A professor that only knew the A, B, C, and only able to count up to ten, would be in the eyes of the community just what the man is that " can only grow weeds for some old woman." An architect that can only draw the lumber to the place where a man wants a house built, and have that man strike off the space, and tell him where every board is to go, cannot look for the same respect that is shown the one that furnishes plans, estimates, stakes it off, and puts up the whole house in a twinkle of an eye. A doctor that knows no more of his profession than an old woman from the country, will live just as isolated from educated society, as the gardeners "that can only grow weeds." Every vocation has its scientific points, and depends upon development by every one that takes to it, even if it is to make it his livelihood.
A professor of mathematics does not sit in his studio waiting for some one of some other profession to furnish him with solutions of problems. The chemist does not sit in his laboratory expecting the doctors to furnish him with what his duty calls for him to do. But the gardener sits in his greenhouse, and expects the professor, the chemist, the doctor, and not seldom a preacher, to tell him all that is wonderful about plants, when by rights as much of that knowledge, if not more ought to come from him. Just as life is, as you make it, just so it is with your profession. It is not the mechanical part that commands respect, it is the intellectual part; and intelligence repels involuntarily all disrespect from the ignorant, and educated alike. Let your shoes and clothes suggest ever so much a change for better ones, if you are armed with that indomitable shield of intelligence you will control more true respect, than the one in fine clothes, lily white hands, and a latest style beaver on an empty shell.
This compels me to make the remark here, that the fault I find with our horticultural and agricultural papers is, they fail to do one thing, which they ought to consider a part of their fluty That duty is to point out the course to the young men, that they should pursue in their vocation, and hold up the fact to them, that there is more than hard work and drudgery in it; that it is a large book with many blank pages, waiting for us to fill them out, with what has not yet been discovered and revealed. Occasionally we see an article in an agricultural paper on the subject, "Why do our young men leave the farm and seek employment in our large cities?" - pointing out to them in glaring terms, how foolish they are, they should consider what a happy and healthy lot of people they "be," knowing nothing of the trials and tribulations that burden city people, and that they are the most independent class of people in the world, etc. Instead of finding out where the fault lies, they imagine one, and send an appeal to the parents. Fathers should give their boys as they grow older, some responsibility; it will make them feel more free, and inspire them with a sense of pride to do well, whatever they do.

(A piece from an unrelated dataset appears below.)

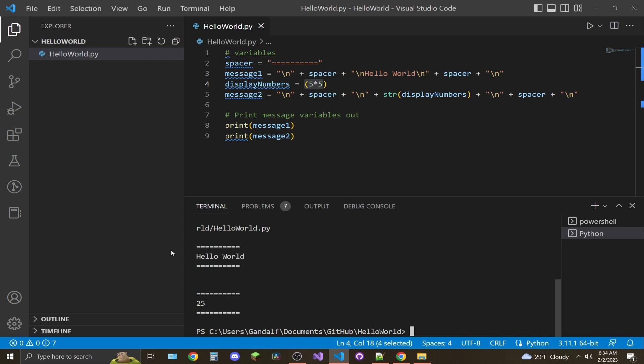There you go. Pretty straightforward: how to download VS Code, download Python, get the Python extensions, and run a basic hello world script. Hope you guys enjoyed. Please like the video and subscribe to the channel. Thanks.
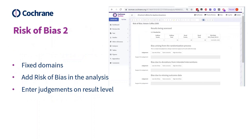The third and last feature is Risk of Bias 2. This is a new update to the Risk of Bias methodology that Cochrane wants to introduce, and we have made it available in Revman Web in the pilot phase. If you want to use it, you need to join the pilot — the best way to do that is to contact Ella Fleming. The basic change with Risk of Bias 2 is that the domains are now fixed. In Revman Web, if you are in the pilot, you'll be able to add a Risk of Bias 2 judgment for each result in the analysis.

Mothers should make home pleasant, and by way of a change, for which all young men naturally long, invite the "sisters and brothers" around, and have a little praying band in the parlor, or in any convenient building on the place; not ascertaining first if that disgusted young farmer is of praying turn of mind; if he is not, it may make farmer's life even more obnoxious. Another one in some other part of the country, probably San Francisco, knows just exactly where the fault lies, he says it is "monotony," - young men want excitement, and by the way suggest a very amusing thing which would prove a splendid nervine for young men that worked hard all day. They should start a "young men's farmer debating society," to hold meetings weekly; the coming together of all the young men (not to exclude the young ladies) of the neighborhood, would awaken new spirits, and for a time cause them to forget the hard work of the week past: it would greatly refresh them, and with renewed vigor they would "tackle" the work of the coming week; not forgetting to kindly furnish one or two interesting subjects for debate, viz., is Chinese emigration beneficial to a Christian community? Which is the mother, the hen that laid the egg, or the one that hatched it? Now such attempts to cram attachment into the young men for the farm, lasts about two months, and the Y. M. F. D. C. rolls it's eyes heavenward, and dies in solitude and bliss; and the young man hates the farm as much as ever.
As I stated before, the editors of both papers should hold up the fact to the young men that their profession demands something more besides animal power; it wants further development, and that can only be done by using the brain as well as the hands. In farming and gardening there is so much yet to learn and improve, that it cannot afford to allow any one to be idle. But this cannot be accomplished by your hands alone; the brains if you have any, must do the largest portion, the hands only execute it. The gardener and farmer should follow his profession intelligently, and it has better facilities than many vocations to make us the most intelligent people on this earth. But if we let potting a geranium and plowing up a piece of ground be the extent, and the brain only acting in accordance with the muscles, our professions will always be considered only a necessary thing, and we a harmless and useful set of fellows.